[THE TASK]
Record by record, give the entire listing again exactly.

[TASK DATA]

* * *

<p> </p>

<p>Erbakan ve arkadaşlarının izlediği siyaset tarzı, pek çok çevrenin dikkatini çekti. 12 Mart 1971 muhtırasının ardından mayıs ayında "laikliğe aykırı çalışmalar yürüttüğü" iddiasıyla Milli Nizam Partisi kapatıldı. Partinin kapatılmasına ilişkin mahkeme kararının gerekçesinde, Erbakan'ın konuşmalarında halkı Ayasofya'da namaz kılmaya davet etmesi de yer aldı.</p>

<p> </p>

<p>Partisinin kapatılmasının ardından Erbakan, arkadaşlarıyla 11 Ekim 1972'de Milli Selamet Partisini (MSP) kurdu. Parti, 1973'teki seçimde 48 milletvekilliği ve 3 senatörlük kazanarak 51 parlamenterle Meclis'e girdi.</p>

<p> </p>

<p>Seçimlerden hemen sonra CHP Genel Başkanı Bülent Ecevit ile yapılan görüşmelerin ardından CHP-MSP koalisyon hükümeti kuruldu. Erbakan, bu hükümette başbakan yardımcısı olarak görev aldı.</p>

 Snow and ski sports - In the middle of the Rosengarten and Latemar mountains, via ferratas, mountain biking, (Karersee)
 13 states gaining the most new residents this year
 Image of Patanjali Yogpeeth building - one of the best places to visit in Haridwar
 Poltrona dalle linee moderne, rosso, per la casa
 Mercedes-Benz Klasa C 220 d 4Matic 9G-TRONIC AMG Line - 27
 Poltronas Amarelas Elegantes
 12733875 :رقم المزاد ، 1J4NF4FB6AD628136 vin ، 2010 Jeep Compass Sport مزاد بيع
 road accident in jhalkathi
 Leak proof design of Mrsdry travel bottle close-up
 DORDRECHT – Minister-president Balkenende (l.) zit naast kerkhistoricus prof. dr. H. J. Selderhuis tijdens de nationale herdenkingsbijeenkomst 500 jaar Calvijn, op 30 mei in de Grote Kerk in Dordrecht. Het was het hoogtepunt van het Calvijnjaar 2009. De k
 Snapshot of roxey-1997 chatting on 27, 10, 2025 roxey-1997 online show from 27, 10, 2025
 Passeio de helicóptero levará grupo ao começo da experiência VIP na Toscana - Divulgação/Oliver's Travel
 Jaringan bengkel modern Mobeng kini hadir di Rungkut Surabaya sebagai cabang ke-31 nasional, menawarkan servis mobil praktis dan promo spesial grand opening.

* * *

[PROBLEM SOLUTION]
<p> </p>

<p>Erbakan ve arkadaşlarının izlediği siyaset tarzı, pek çok çevrenin dikkatini çekti. 12 Mart 1971 muhtırasının ardından mayıs ayında "laikliğe aykırı çalışmalar yürüttüğü" iddiasıyla Milli Nizam Partisi kapatıldı. Partinin kapatılmasına ilişkin mahkeme kararının gerekçesinde, Erbakan'ın konuşmalarında halkı Ayasofya'da namaz kılmaya davet etmesi de yer aldı.</p>

<p> </p>

<p>Partisinin kapatılmasının ardından Erbakan, arkadaşlarıyla 11 Ekim 1972'de Milli Selamet Partisini (MSP) kurdu. Parti, 1973'teki seçimde 48 milletvekilliği ve 3 senatörlük kazanarak 51 parlamenterle Meclis'e girdi.</p>

<p> </p>

<p>Seçimlerden hemen sonra CHP Genel Başkanı Bülent Ecevit ile yapılan görüşmelerin ardından CHP-MSP koalisyon hükümeti kuruldu. Erbakan, bu hükümette başbakan yardımcısı olarak görev aldı.</p>

 Snow and ski sports - In the middle of the Rosengarten and Latemar mountains, via ferratas, mountain biking, (Karersee)
 13 states gaining the most new residents this year
 Image of Patanjali Yogpeeth building - one of the best places to visit in Haridwar
 Poltrona dalle linee moderne, rosso, per la casa
 Mercedes-Benz Klasa C 220 d 4Matic 9G-TRONIC AMG Line - 27
 Poltronas Amarelas Elegantes
 12733875 :رقم المزاد ، 1J4NF4FB6AD628136 vin ، 2010 Jeep Compass Sport مزاد بيع
 road accident in jhalkathi
 Leak proof design of Mrsdry travel bottle close-up
 DORDRECHT – Minister-president Balkenende (l.) zit naast kerkhistoricus prof. dr. H. J. Selderhuis tijdens de nationale herdenkingsbijeenkomst 500 jaar Calvijn, op 30 mei in de Grote Kerk in Dordrecht. Het was het hoogtepunt van het Calvijnjaar 2009. De k
 Snapshot of roxey-1997 chatting on 27, 10, 2025 roxey-1997 online show from 27, 10, 2025
 Passeio de helicóptero levará grupo ao começo da experiência VIP na Toscana - Divulgação/Oliver's Travel
 Jaringan bengkel modern Mobeng kini hadir di Rungkut Surabaya sebagai cabang ke-31 nasional, menawarkan servis mobil praktis dan promo spesial grand opening.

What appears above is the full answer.